--- THE PROBLEM ---
Make an exact copy of the lines from the top of the entries below through the line with "A room with". Leave all pictures out.
GIVEN DATA Block Start
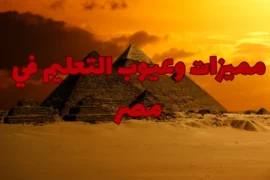 مميزات وعيوب التعليم في مصر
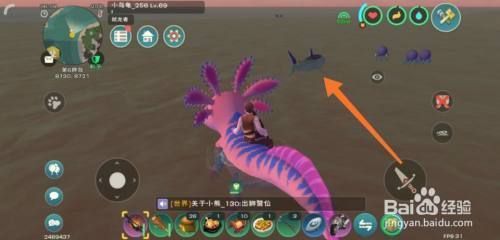 龍魚喂蝦需要去殼嗎：龍魚喂蝦時需考慮去殼問題 水族問答 第1張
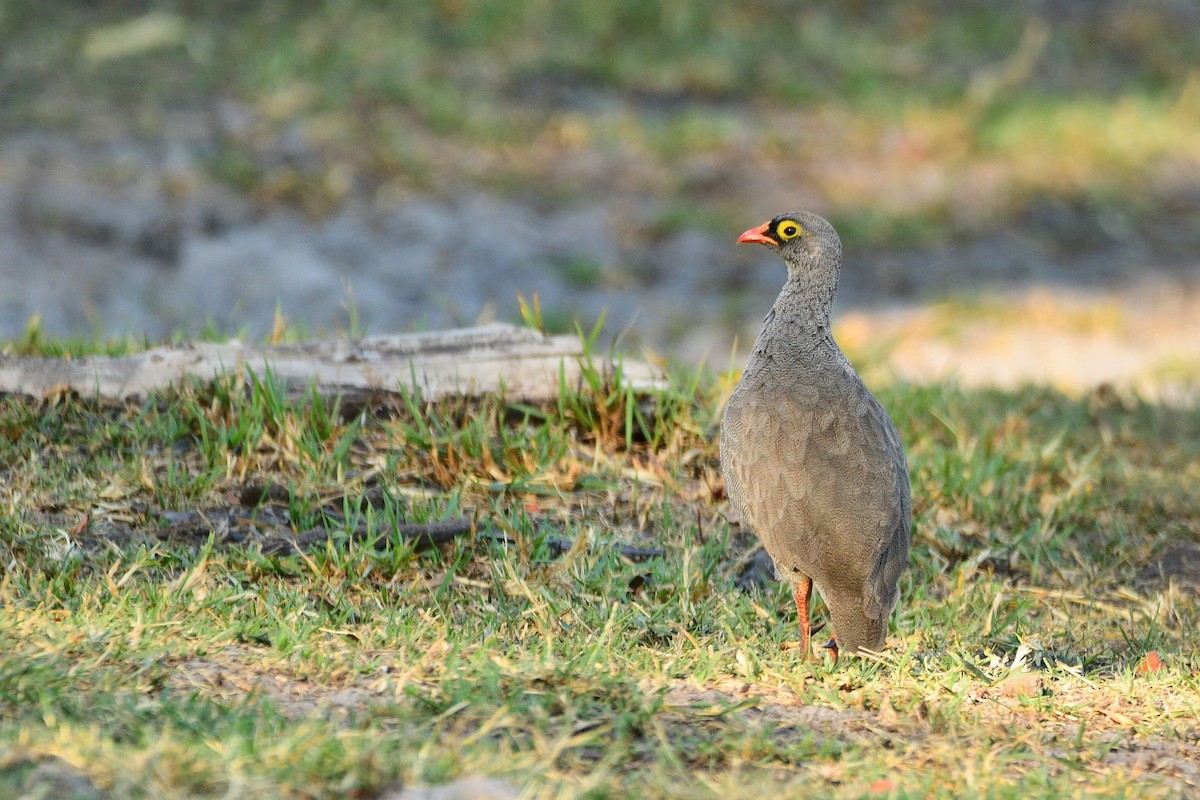 Red-billed Spurfowl - Cole Penning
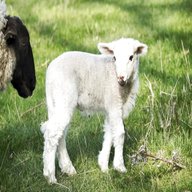 ewe lamb for sale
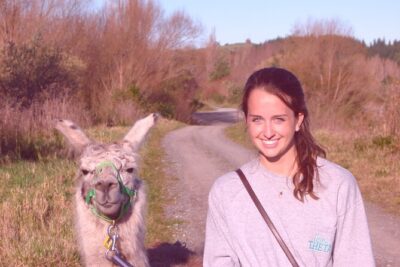 Llama Trek (Taster) - Kowhai River Valley and Native Woodland Tour - The taster trek: what the 90 minutes really feels like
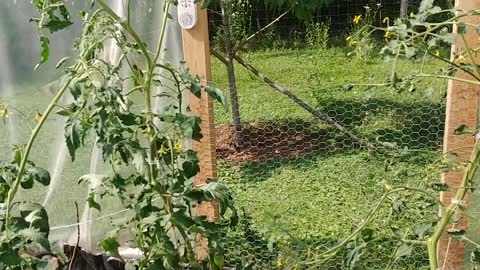 High tunnel tomato problem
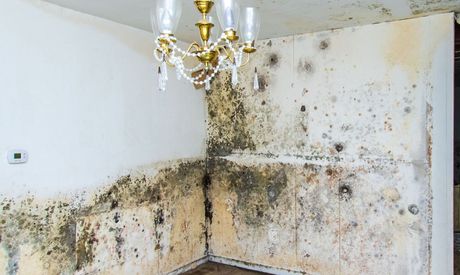 A room with mold on the walls and a chandelier hanging from the ceiling.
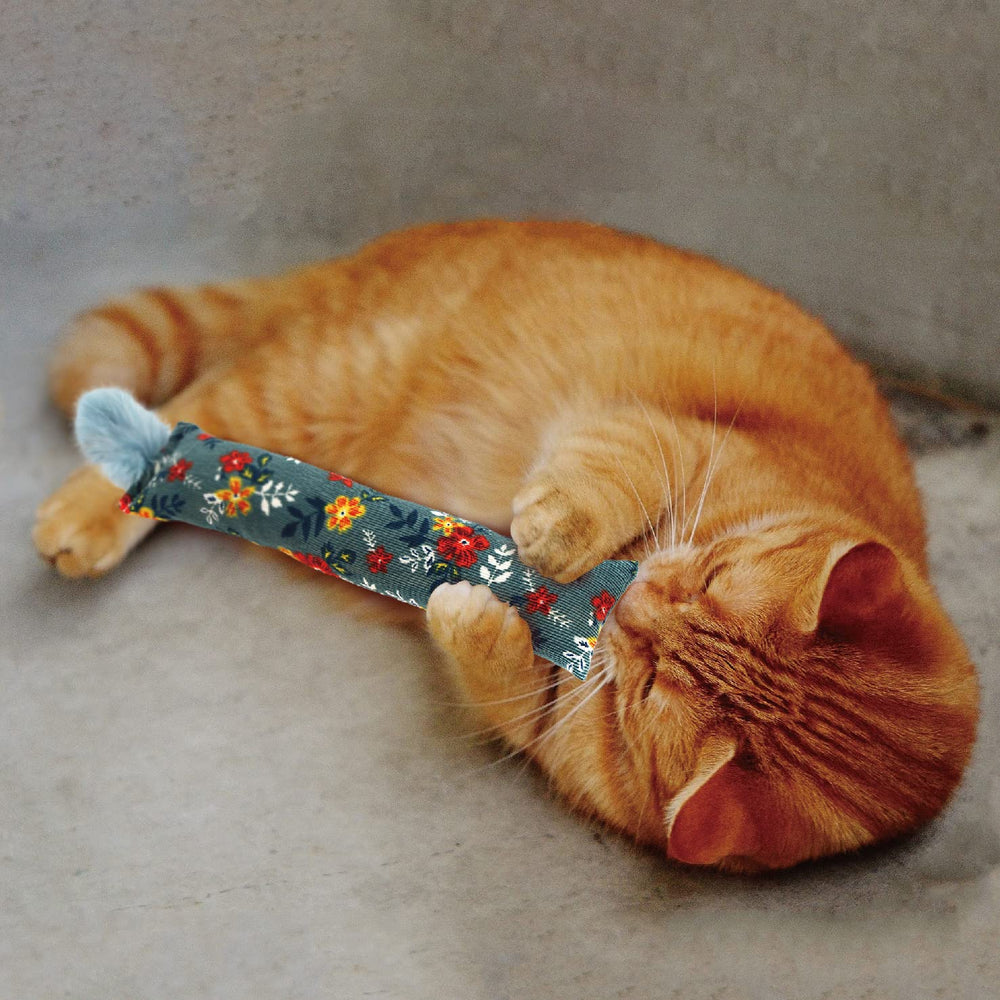 Jumpaws indoor cat playkit promotes exercise and boredom relief.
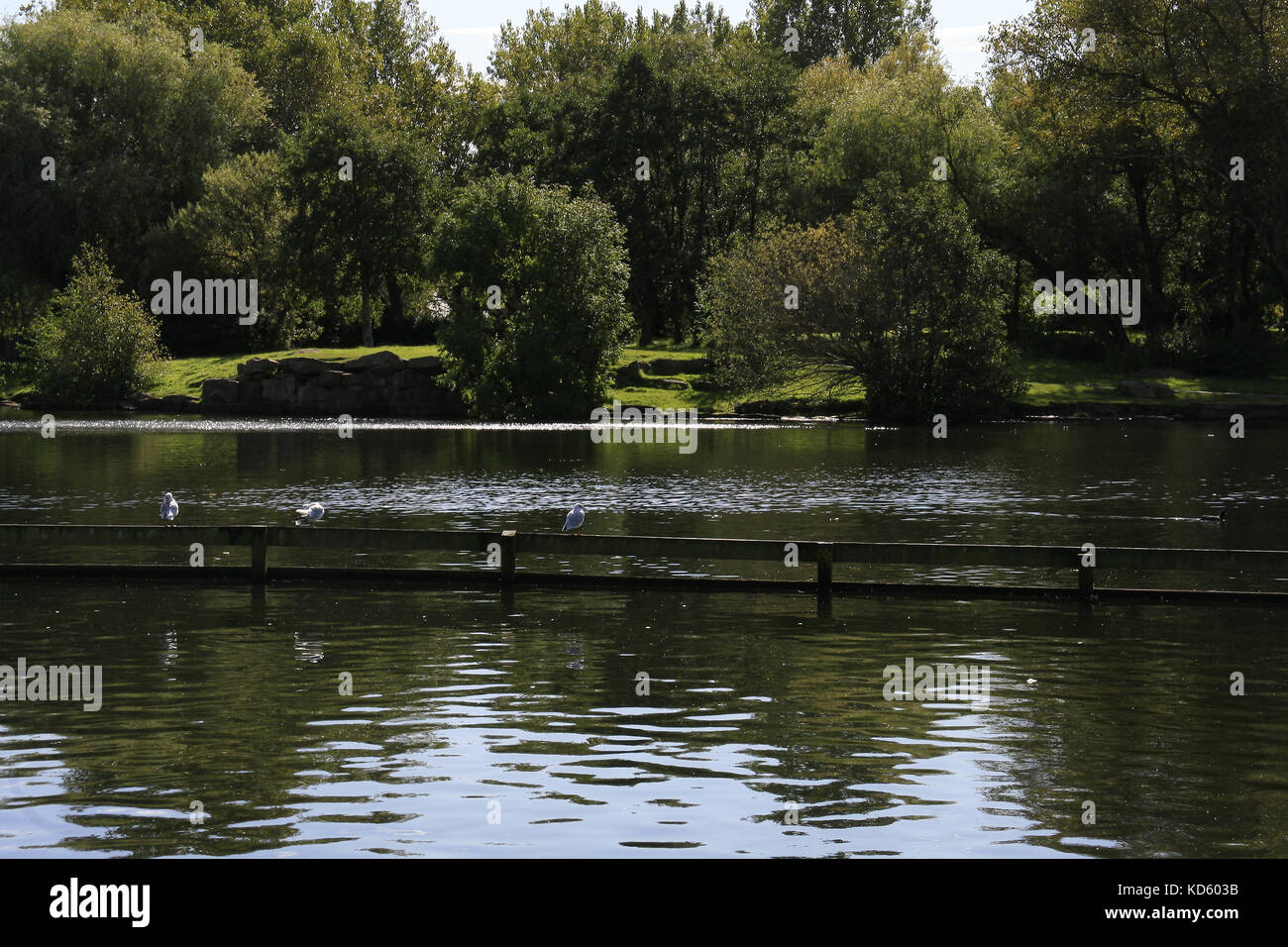 Stanley Park, Blackpool, Lancashire, England Stock Photo Alamy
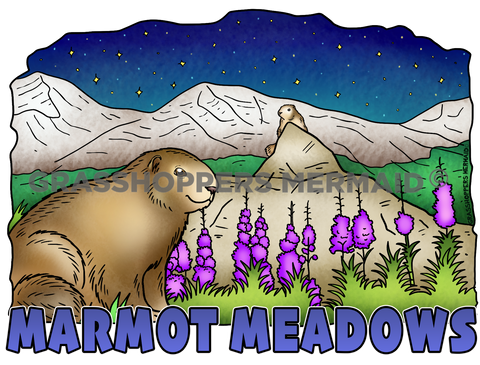 Marmot Meadows Nights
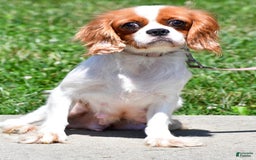 Cavalier King Charles Spaniel dogs for sale: Callie - Image 8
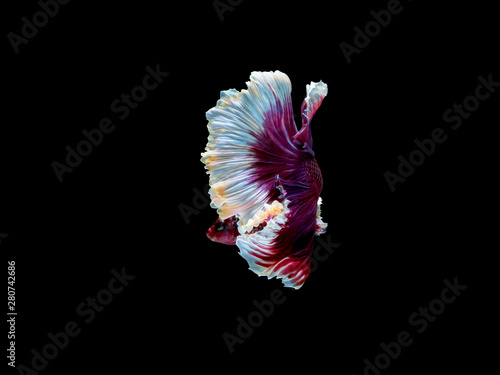 Action and movement of Thai fighting fish on a black background, Halfmoon Betta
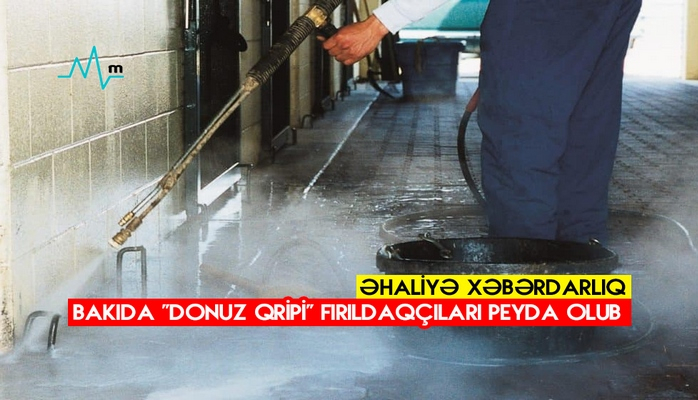 Bakıda “donuz qripi” fırıldaqçıları peyda olub - Əhaliyə xəbərdarlıq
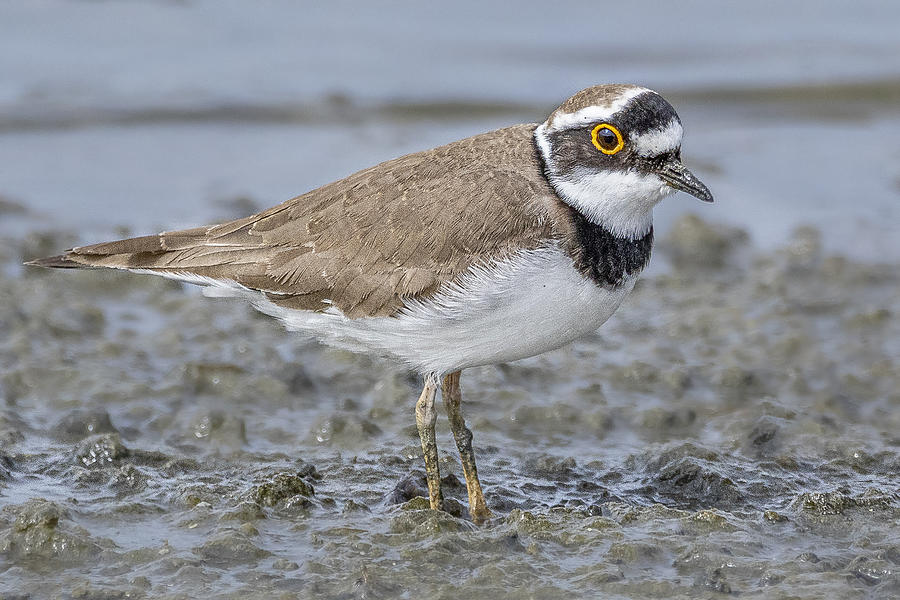 Juvenile little ringed plover, charadrius dubius, in summer on riverside  Stock Photo by WildMediaSK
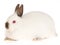 Jersey Wooly Ruby-Eyed White rabbit, on white back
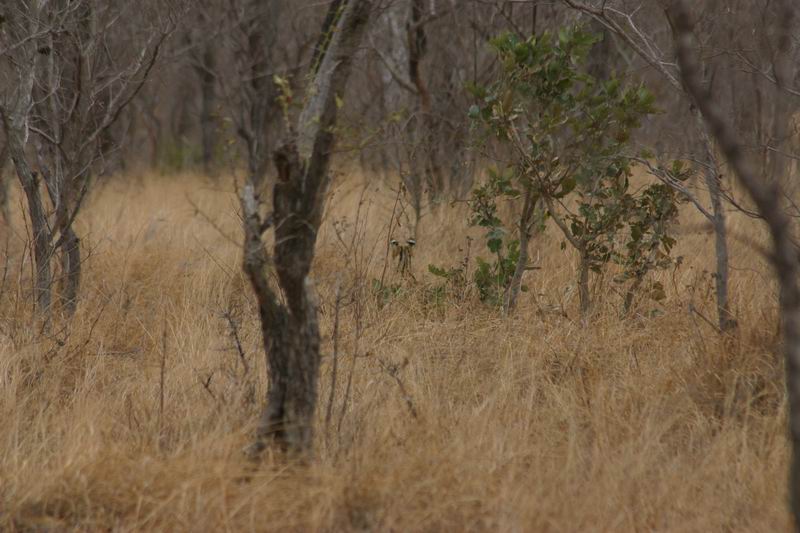 Nog wat oortjes op afstand
(Kruger Park 2007-09)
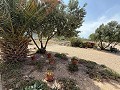 Fabelhafte, zu 70 % fertiggestellte Neubauvilla mit 7 Schlafzimmern und 4 Badezimmern zum Verkauf in Salinas. in Real Estate Alicante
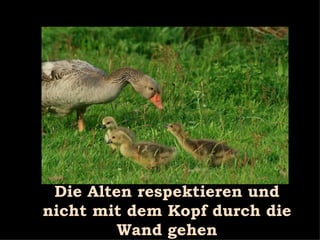 Die Alten respektieren und nicht mit dem Kopf durch die Wand gehen 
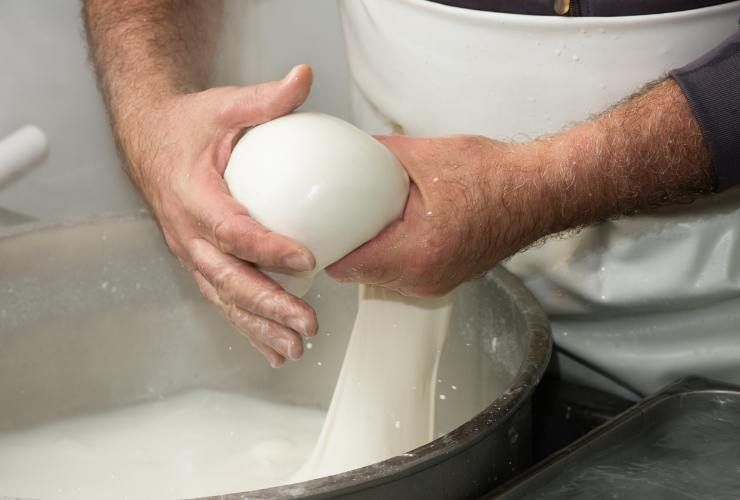 Lavorazione della mozzarella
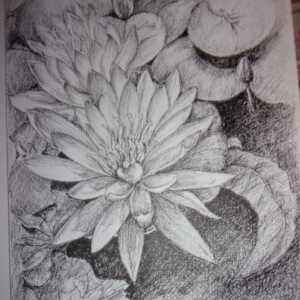 Flowers IV by Ada Monica Sperling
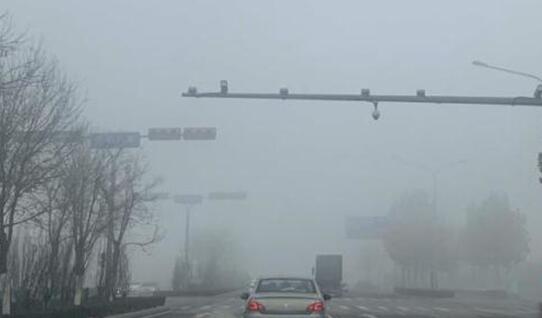 山东发布大雾红色预警 济南全部高速收费站双向封闭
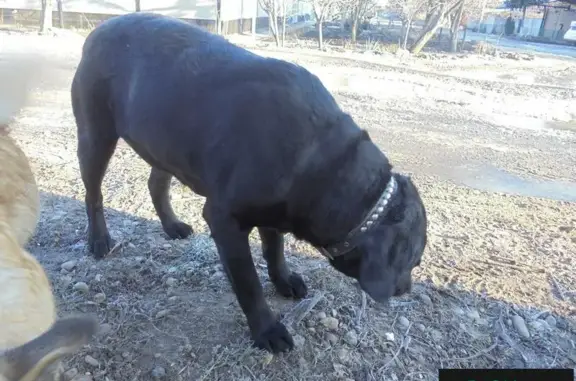 Найдена собака в Краснодаре, р-он 9 км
GIVEN DATA Block End
--- RESPONSE TO THE EXERCISE ---
 مميزات وعيوب التعليم في مصر
 龍魚喂蝦需要去殼嗎：龍魚喂蝦時需考慮去殼問題 水族問答 第1張
 Red-billed Spurfowl - Cole Penning
 ewe lamb for sale
 Llama Trek (Taster) - Kowhai River Valley and Native Woodland Tour - The taster trek: what the 90 minutes really feels like
 High tunnel tomato problem
 A room with mold on the walls and a chandelier hanging from the ceiling.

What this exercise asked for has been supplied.